Lines from the line with "Looking for someone fuck club easygoing." to the line with "Nilai p yang" in the entries below, and only those, must be output exactly, with both ends included.
(Entries supplied)
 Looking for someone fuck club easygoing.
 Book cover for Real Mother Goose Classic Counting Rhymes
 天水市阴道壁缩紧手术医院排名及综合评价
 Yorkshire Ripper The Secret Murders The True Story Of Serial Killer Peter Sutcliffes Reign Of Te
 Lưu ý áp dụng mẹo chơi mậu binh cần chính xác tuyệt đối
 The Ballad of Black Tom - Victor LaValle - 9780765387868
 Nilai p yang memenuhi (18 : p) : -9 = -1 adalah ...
(End Entries supplied)
(Entries supplied)
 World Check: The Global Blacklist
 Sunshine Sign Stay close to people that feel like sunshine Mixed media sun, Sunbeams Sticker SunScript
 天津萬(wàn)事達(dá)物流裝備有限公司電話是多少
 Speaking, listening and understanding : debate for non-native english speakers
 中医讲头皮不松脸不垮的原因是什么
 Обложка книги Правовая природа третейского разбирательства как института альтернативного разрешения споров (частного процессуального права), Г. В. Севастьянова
(End Entries supplied)
_Response to the exercise_
 Looking for someone fuck club easygoing.
 Book cover for Real Mother Goose Classic Counting Rhymes
 天水市阴道壁缩紧手术医院排名及综合评价
 Yorkshire Ripper The Secret Murders The True Story Of Serial Killer Peter Sutcliffes Reign Of Te
 Lưu ý áp dụng mẹo chơi mậu binh cần chính xác tuyệt đối
 The Ballad of Black Tom - Victor LaValle - 9780765387868
 Nilai p yang memenuhi (18 : p) : -9 = -1 adalah ...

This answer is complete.